‘The problem began when the Federal Government took cooks and chefs off the skills in demand list, which allowed people to come to Australia easily,’ she said. As a result the only way to employ a foreign chef is through the temporary 457 short term working visa which costs around $50,000 a year compared with $30,000 for the equivalent Australian restaurant worker. ‘The government needs to put these workers on the skills in demand list and relax language requirements,’ she added.
A report from the association shows that its own research among members reveals that 7% of the industry is actively seeking a senior cook or chef and 5% are seeking a restaurant manager.

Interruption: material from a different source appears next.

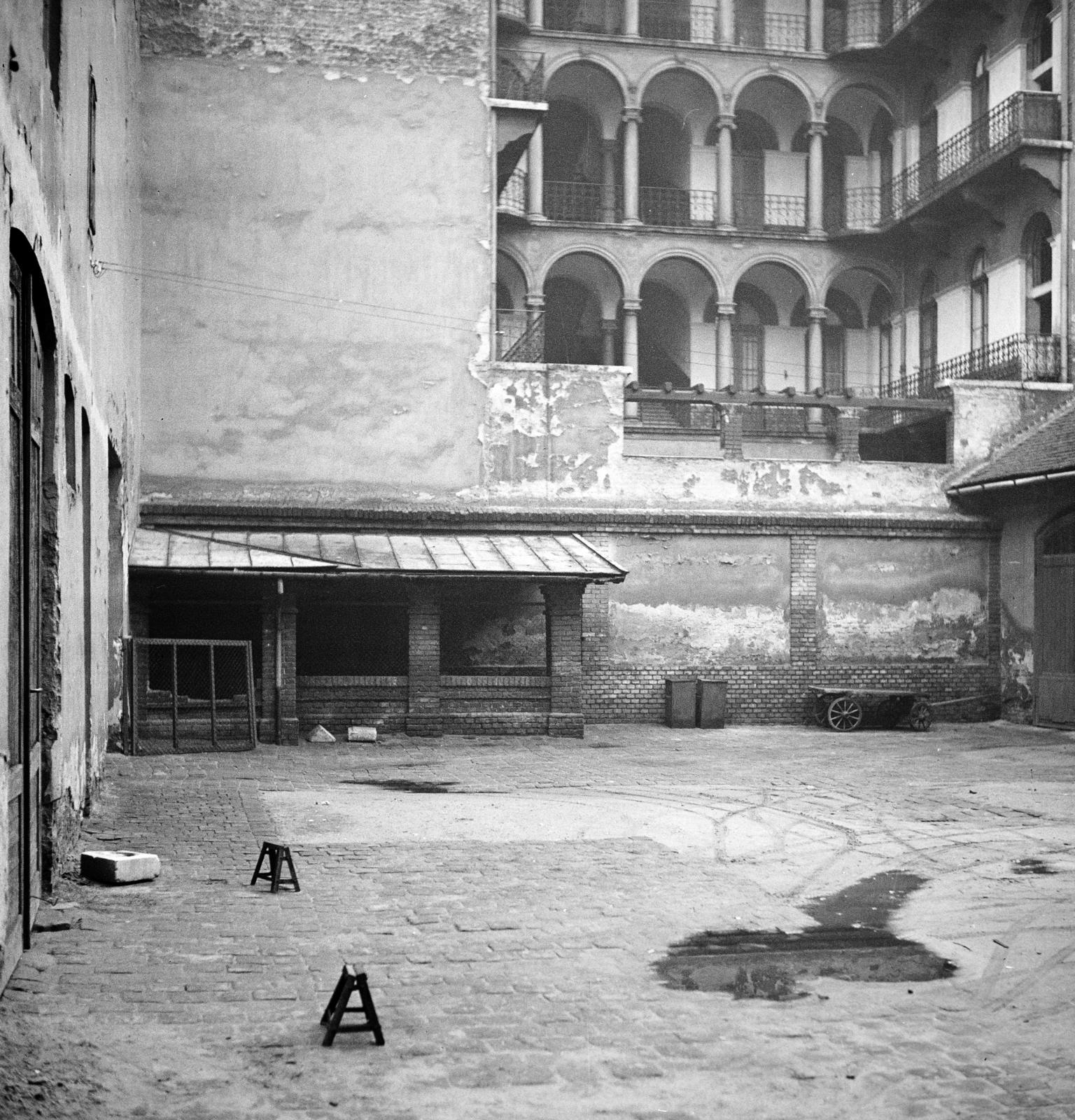 1934, Kieselbach Tamás, courtyard balcony, inner courtyard, Fortepan #286435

The Australian Bureau of Statistics predicts the number of chefs required will grow by 14% in the next five years. However, fewer Australian are training as chefs with enrolments in hospitality certificate level courses down 5%.
Quote from AustraliaForum.com : “Myself and my husband are looking to move to Oz, he is a chef but chef has been taken off of the sol!! We are going to look into get a employer sponsored visa. Can you tell me what are the chances of a chef fully qualified and cooking for the past 14 years a sponsered job and whats the best way to go looking for a job?”
Therefore, the association wants chefs put back on the skills in demand list and for the English language requirement to be looked at on a case by case basis. ‘If a specialist Cantonese chef is working in a specialist Cantonese kitchen, they may not need the level of English language skills which the Immigration Department requires,’ Neville said, adding, ‘Training for chefs in Australia is very generalised but restaurants are finding now they need a specialist tandoori chef or specialist dumpling maker’.
There is likely to be increasing demand for Asian chefs next year according to Food Forward 2013, an annual report from Weber Shandwick, with South American and Asian flavours the current trend setters. ‘South American and Asian flavours will boom in Australia in 2013, with Korean, Wagyu and Peruvian restaurants and spicy food from northern China. Mexican foods and flavours will also continue to boom, becoming an essential part in any Aussie kitchen,’ it says.